赤い部品が抵抗、黒い部品がオイル・コンデンサです。
ナス管5球スーパー定格表
型式5球スーパー
受信周波数535kHz-1,650kHz
使用真空管224235227245280
感度ST管5球スーパー程度
電気的出力1.6W (目標値)
電源100VAC
消費電力-
スピーカー10cm ダイナミック(外付)
形状300x200x200H mm
重量本体4.1kg、スピーカー0.97kg
製作年月2005年1月



ナス管5球スーパー 回路図
各部の電圧・電流はボリューム最小のときと最大のときの値

調整
 4極管 224 を使った自励コンバータをいかにまとめ上げるかが、 このラジオの成否を決めるポイントです。 回路は一種のプレート検波でプレート同調回路の発振電圧の一部を カソードに戻し、その電圧がコントロール・グリッドに加わって発振が起こります。 カソードに発振電圧を返すのはアンテナ・コイルとの干渉を避けるためで、 この回路は比較的発振が容易で感度が良いといわれています。

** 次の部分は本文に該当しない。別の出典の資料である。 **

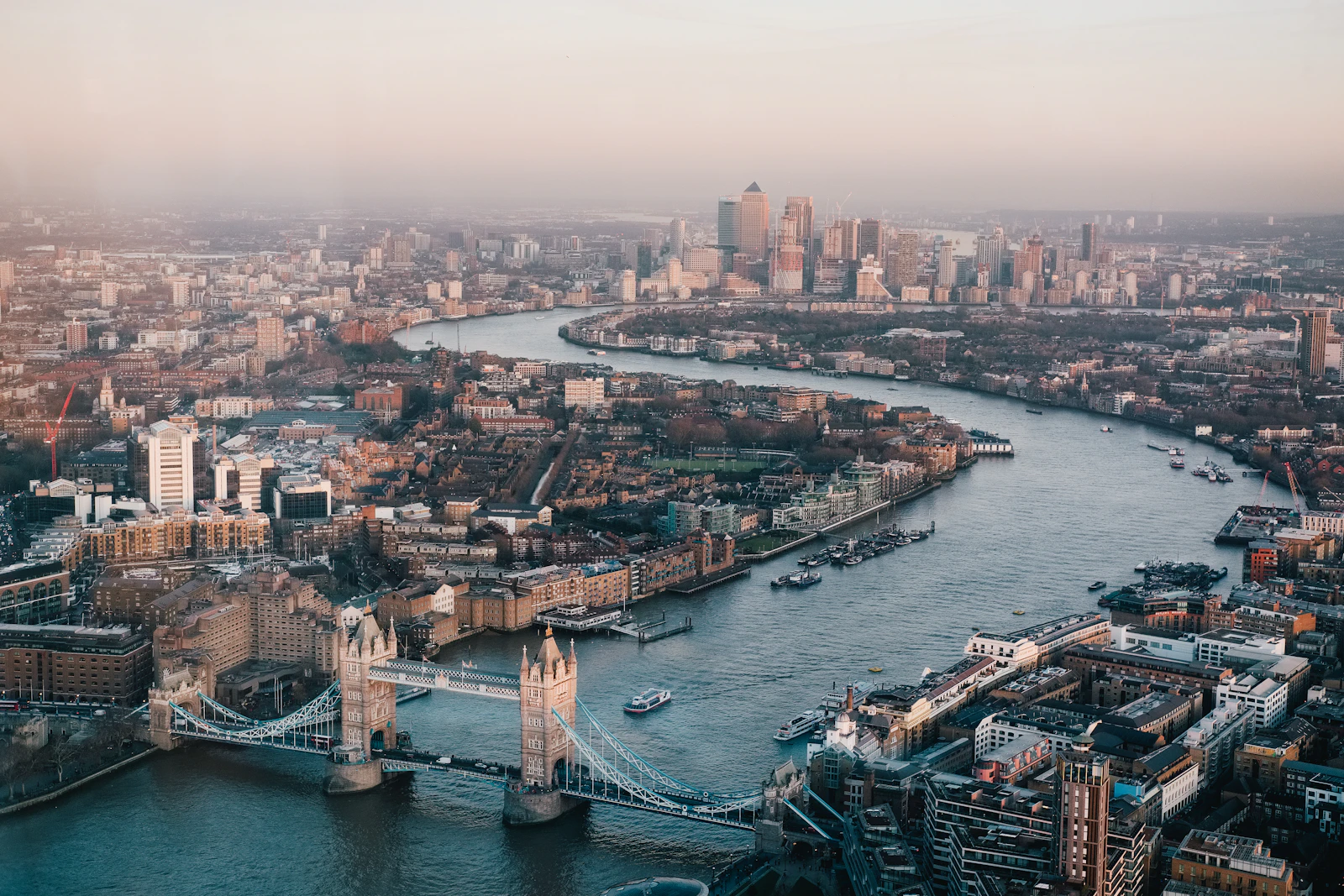 Aerial view of Tower Bridge and the River Thames in London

 ところが一筋縄でいかないのがこの自励コンバータで、回路云々より 真空管や発振コイルの素性に依存し、真空管や発振コイルを交換すると それまでと全く違った様相を呈するのです。 ピーピーギャーギャー音が出たり、音が滅茶苦茶に歪んだり、 発振が止まったり、アンテナ・コイルの方で発振が始まったりと、 結局3日間もこの回路のご機嫌を伺った末に、ようやくバンド全体で 使い物になるようになりました。 自励コンバータを使ったラジオも4作目ですが、ノウハウがよくわかりません。

 224235 は4極管ですから プレート電圧がスクリーン電圧よりも十分に高くないと、 プレートに流れるはずの電流がスクリーンに流れて正常な動作をしなくなってしまいます。 そのためにバイアス電圧の変化に対してもスクリーン電圧を常に90V以下に保ち、 プレート電圧はスクリーン電圧の2倍以上になるような設計が必要です。 このラジオではスクリーン電圧の安定化のために常にブリーダー電流を流しています。 こういった煩雑(はんざつ)な用法が嫌われ、 高周波増幅用4極管は使われなくなってしまいました。

試聴
 スイッチを入れた瞬間、ブーンというハム音とともに 224227 の ヒーターの明かりがまぶしく点ります。 ハム音は最初の数秒だけで消えてしまい、 しばらくするとメリハリのある音で放送が聞こえてきます。 思わずひとりほくそ笑んでしまいます。 245 は同じ直熱3極管でも並四12A とは音質、音量ともに格が違います。

 感度、選択度はST管スーパーと同程度で、 ローカル局の受信にはアンテナは不要です。 5mほどのビニル線アンテナをつなげれば、 当地静岡でも関東のニッポン放送が明瞭に受信できます。 キャビネットはありませんが、 ナス管を眺めながらラジオ放送を聴くのも悪くないですね。